On one side were the words “Combating Terrorism.” A ferocious eagle with talons outstretched for prey was poised above the word “terrorism.”
“Department of Defense, United States of America” was engraved on Our Planetary’s reverse side.
“It’s our office coin,” Ed said. Ed, an old friend and an Army colonel works in the Pentagon, a member of the Special Operations/Combating Terrorism team.
“Your coin?” Bill asked, studying the red and white stripes behind the eagle, the gold stars on a field of blue “Yeah, it started in the military. It’s a token of the unit a soldier belongs to, a symbol of their pride and loyalty to each other. Their common purpose.
“A soldier can step into a tavern anywhere near a military base, slap his coin down onto the bar, and call out, ‘Coin check!’ The soldier who doesn’t care enough about his unit to carry a coin has to buy the drinks. If everyone has a coin, the challenger must buy the drinks. For the insult.”

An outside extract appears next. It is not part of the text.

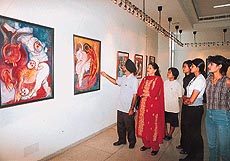 Visitors have a close look at Satwant Singh's paintings being exhibited at Alliance Francaise Art Gallery 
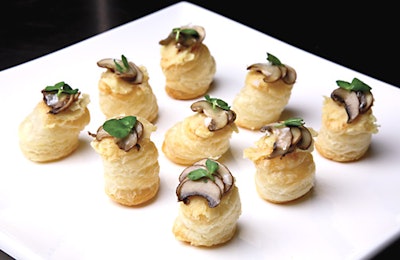 Their mushroom tarts are topped with parsnip puree, sliced mushrooms, porcini oil, and a few pea shoots.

The head of the Special Operations/Combating Terrorism team had commissioned Ed to design a coin for their office. “I worked on that thing for six months, emailing ideas back and forth to the manufacturer,” Ed said. Finally, everyone had agreed on a design, and the company had sent Ed a sample coin for final approval.
On Sept. 7 of 2001, Ed laid the coin on his desk at the Pentagon and left for a weeklong vacation in Maine.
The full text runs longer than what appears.